Sarah Palin says she is still a "big supporter of offshore drilling" despite the massive Gulf of Mexico oil spill that is threatening the environment and the economy, though she adds that oil companies should be held accountable for their actions.

On Fox News Sunday, the former Alaska governor drew a link between the Obama administration's response to the spill and what she cast as President Obama's cozy relationship with oil companies tied to their support for his presidential campaign.

Later, on CBS' "Face the Nation," host Bob Schieffer asked White House Press Secretary Robert Gibbs to respond to Palin's claim about the Obama administration's relationship with oil companies.
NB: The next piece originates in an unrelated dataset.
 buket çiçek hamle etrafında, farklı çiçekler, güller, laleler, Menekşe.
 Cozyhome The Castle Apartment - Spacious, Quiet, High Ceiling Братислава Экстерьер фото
"Sarah Palin was involved in that election, but I don't think, apparently, was paying a whole lot of attention," Gibbs said. "I'm almost sure that the oil companies don't consider the Obama administration a huge ally - we proposed a windfall profits tax when they jacked their oil prices up to charge for gasoline."

"My suggestion to Sarah Palin would be to get slightly more informed as to what's going on in and around oil drilling in this country," he added.

Following Gibbs' suggestion that she "get slightly more informed," Palin tweeted: "Mr. Gibbs, BP gave over $3.5mill to federal candidates over the past 20 years, with with the largest amount going to Obama," linking to a Politico story citing data from the Center for Responsible Politics. 

During his time in the Senate and while running for president, Obama received a total of $77,051 from the oil giant and is the top recipient of BP PAC and individual money over the past 20 years, according to financial disclosure records. 

Obama spokesman Ben LaBolt dismissed the suggestion of undue influence by BP in the same Politico story, from May 5:

"President Obama didn't accept a dime from corporate PACs or federal lobbyists during his presidential campaign," spokesman Ben LaBolt said. "He raised $750 million from nearly four million Americans. And since he became president, he rolled back tax breaks and giveaways for the oil and gas industry, spearheaded a G20 agreement to phase out fossil fuel subsidies, and made the largest investment in American history in clean energy incentives."

According to Open, BP's campaign contributions during the 2008 election cycle were $214,915 to Democrats, and $315,909 to Republicans (about 40/60), split almost evenly between individual contributions and PACs.

According to the National Institute on Money in State Politics, during Palin's 2006 run for Governor in Alaska (where the large majority of donations came from individuals), BP America made the fifth-largest donation by a company to her campaign, contributing $4,650, with BP Alaska giving an additional $250.